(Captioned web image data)

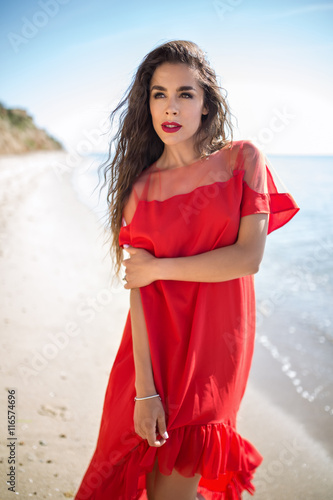 Attractive girl in a smart dress red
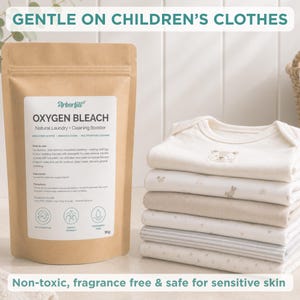 May include: A brown paper pouch of Arborfill Oxygen Bleach Natural Laundry and Cleaning Booster, 1kg, next to a stack of folded white and cream baby bodysuits. The label text includes instructions, ingredients, and icons for multipurpose, family friendly, and fragrance free use.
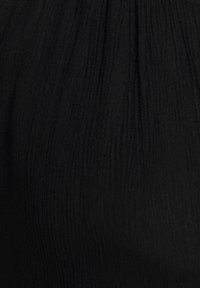 Tissu noir texturé avec un design froissé, présentant une finition douce et plissée. Le matériau semble léger et tombe doucement.
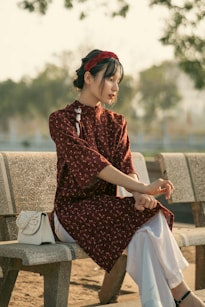 a woman sitting on top of a wooden bench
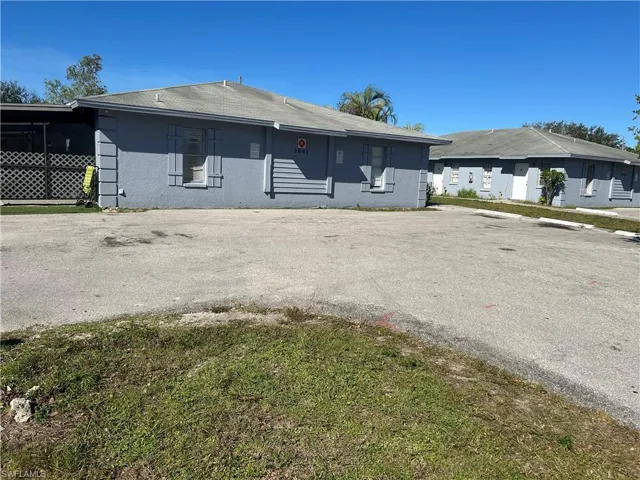 Single story home with a front lawn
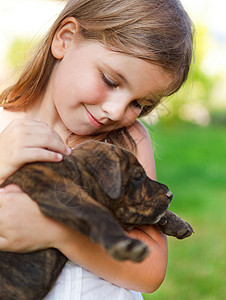 可爱的小女孩拥抱她的小狗日落友图片
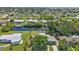 Aerial view of neighborhood homes, lush greenery, and waterfront access, ideal for relaxed living and outdoor activities at 131 Buckeye Nw Ave, Port Charlotte, FL 33952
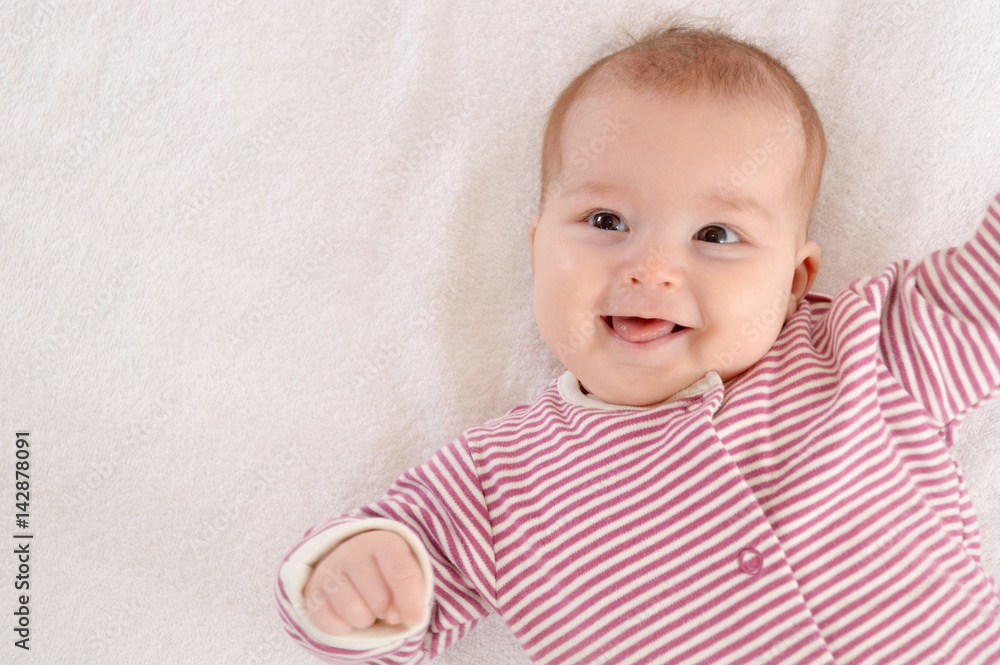 Happy newborn girl lying on her back and laugh Happy newborn girl lying on her back and laugh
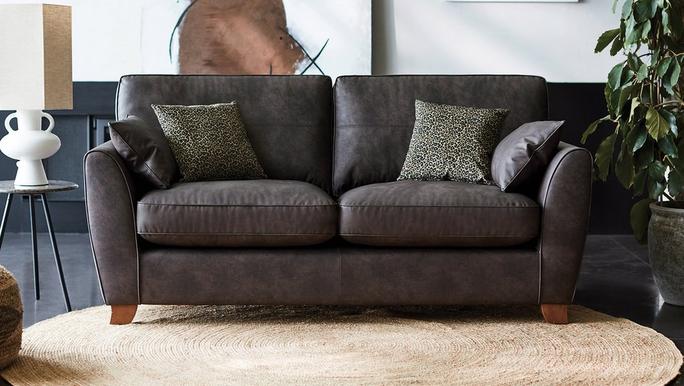 Dark brown faux leather sofa on a yellow fluffy rug with green pattern scatter cushions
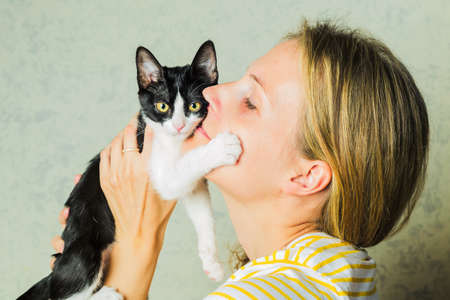 Life style photo of a casual dressed female who is holding and petting and kissing cute a cat. cat...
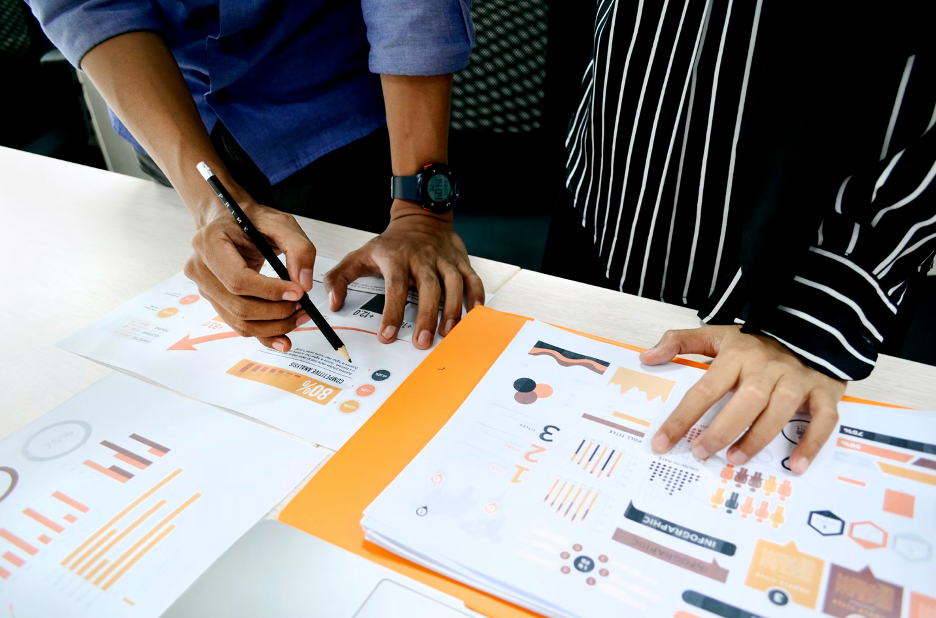 two people looking at data from a report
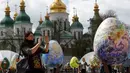 Pengunjung memotret telur Paskah yang dipajang di depan Katedral Mikhaylivsky di pusat Kiev sebelum perayaan Paskah, Ukraina, Rabu (12/4). Sebanyak 500 seniman tradisonal Ukraina terlibat dalam pembuatan telur paskah ini. (AP Photo / Sergei Chuzavkov)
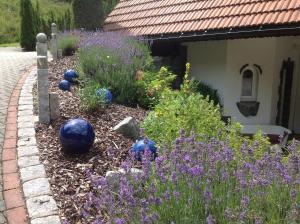 a garden with purple flowers and blue balls in a yard at Holzbildhauerei Kammerer in Triberg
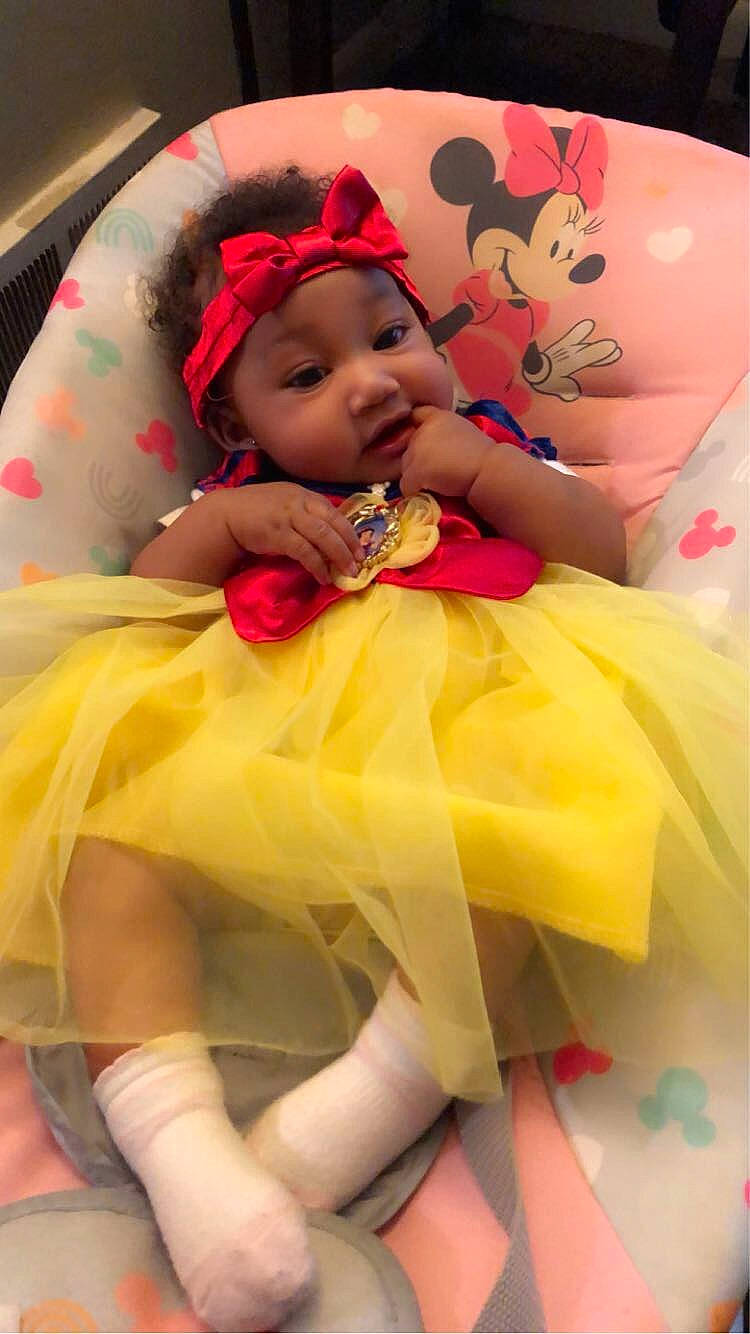 Jaliyah joined the competition — help win amazing prizes! baby, baby_products, baby_toddler_clothing, child, comfort, dress, event, eye, face, fun, happy, head, headgear, headwear, magenta, peach, person, pink, skin, smile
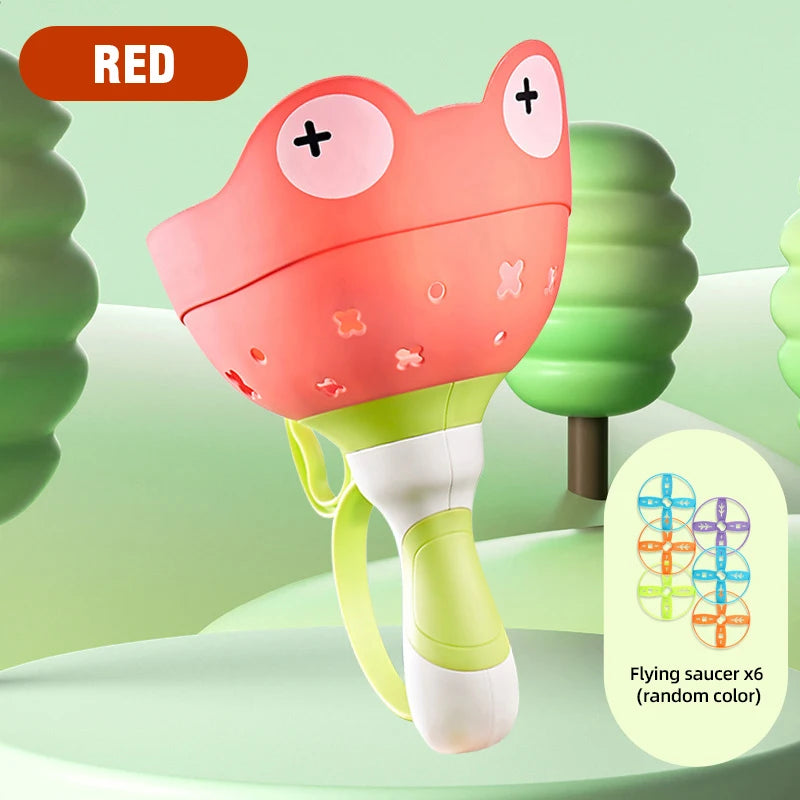 A red pull-string flying saucer toy frog with a green base and various colored plastic shapes.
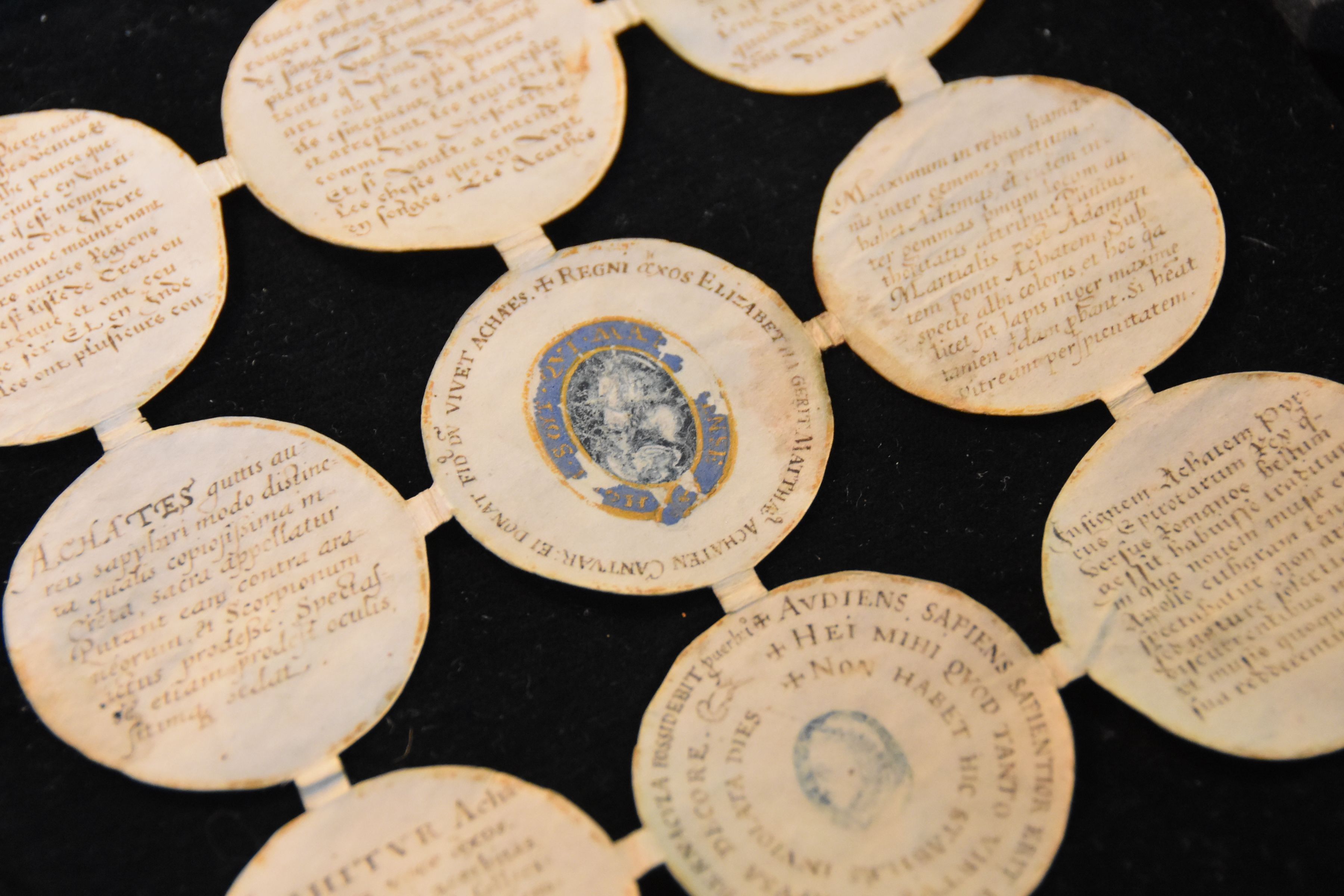 The roundel manuscript is on parchment and has nine sections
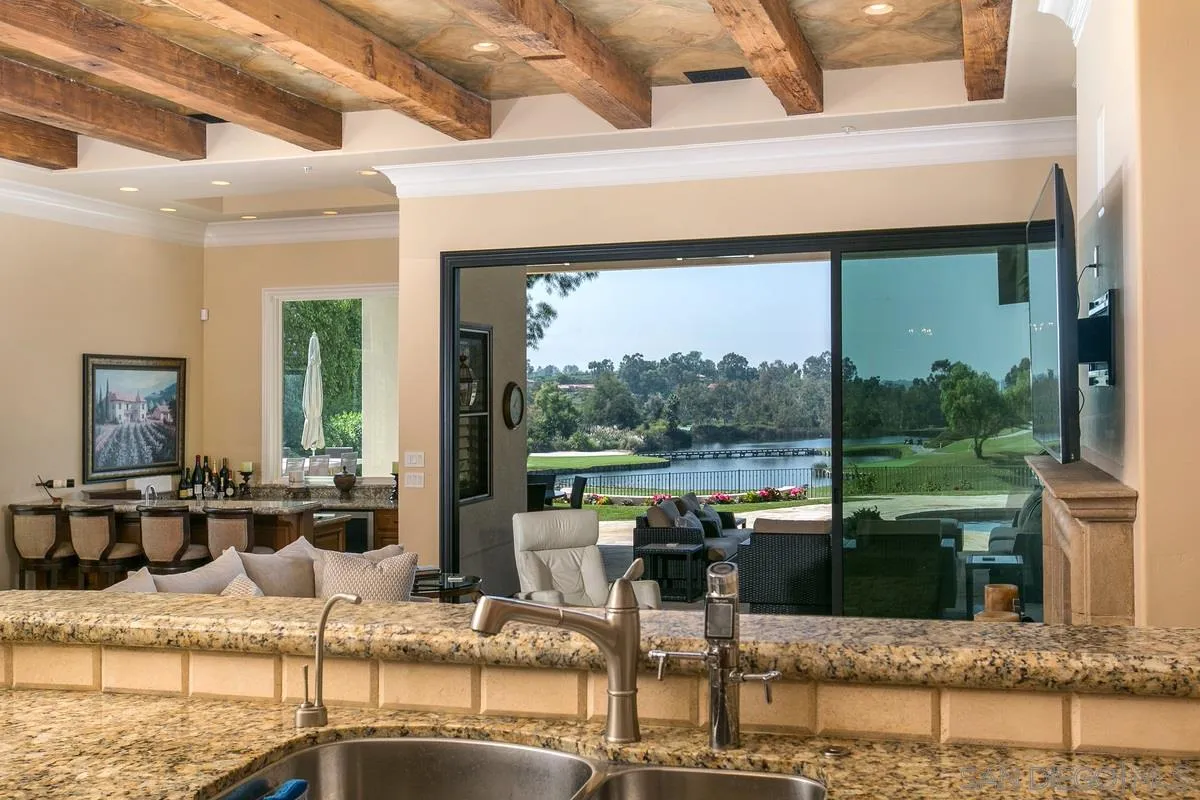 7330 St Andrews Road Rancho Santa Fe, CA 92067 - Photo 10 of 28 a living room with patio furniture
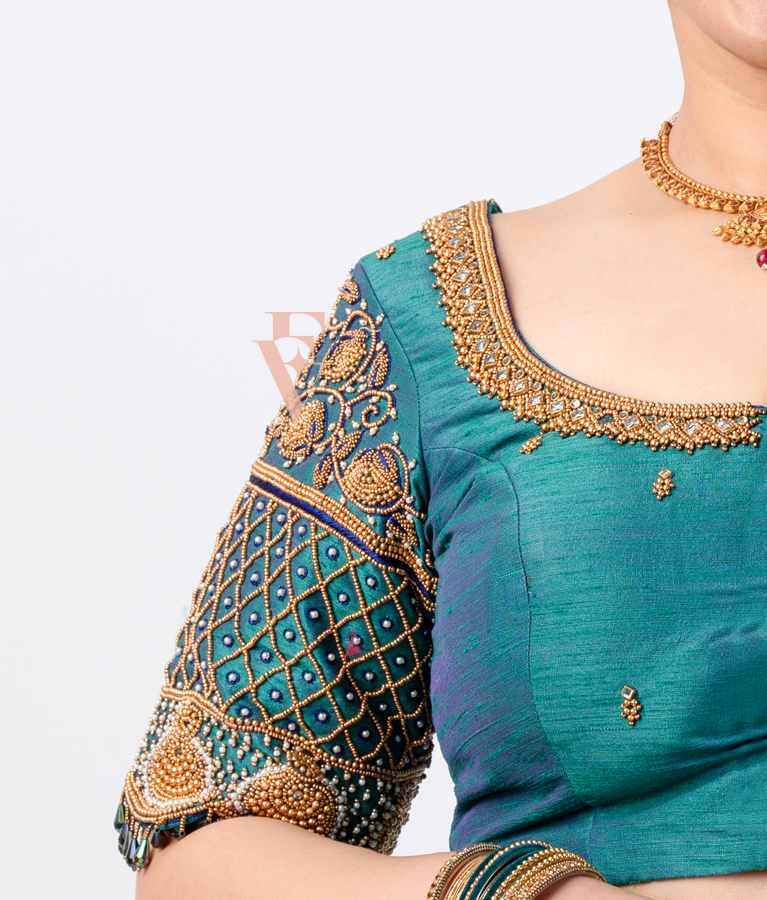 A peacock green raw silk blouse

What is required:
Reproduce all of the records above exactly, but exclude the pictures.

Exercise output:
 Attractive girl in a smart dress red
 May include: A brown paper pouch of Arborfill Oxygen Bleach Natural Laundry and Cleaning Booster, 1kg, next to a stack of folded white and cream baby bodysuits. The label text includes instructions, ingredients, and icons for multipurpose, family friendly, and fragrance free use.
 Tissu noir texturé avec un design froissé, présentant une finition douce et plissée. Le matériau semble léger et tombe doucement.
 a woman sitting on top of a wooden bench
 Single story home with a front lawn
 可爱的小女孩拥抱她的小狗日落友图片
 Aerial view of neighborhood homes, lush greenery, and waterfront access, ideal for relaxed living and outdoor activities at 131 Buckeye Nw Ave, Port Charlotte, FL 33952
 Happy newborn girl lying on her back and laugh Happy newborn girl lying on her back and laugh
 Dark brown faux leather sofa on a yellow fluffy rug with green pattern scatter cushions
 Life style photo of a casual dressed female who is holding and petting and kissing cute a cat. cat...
 two people looking at data from a report
 Pengunjung memotret telur Paskah yang dipajang di depan Katedral Mikhaylivsky di pusat Kiev sebelum perayaan Paskah, Ukraina, Rabu (12/4). Sebanyak 500 seniman tradisonal Ukraina terlibat dalam pembuatan telur paskah ini. (AP Photo / Sergei Chuzavkov)
 a garden with purple flowers and blue balls in a yard at Holzbildhauerei Kammerer in Triberg
 Jaliyah joined the competition — help win amazing prizes! baby, baby_products, baby_toddler_clothing, child, comfort, dress, event, eye, face, fun, happy, head, headgear, headwear, magenta, peach, person, pink, skin, smile
 A red pull-string flying saucer toy frog with a green base and various colored plastic shapes.
 The roundel manuscript is on parchment and has nine sections
 7330 St Andrews Road Rancho Santa Fe, CA 92067 - Photo 10 of 28 a living room with patio furniture
 A peacock green raw silk blouse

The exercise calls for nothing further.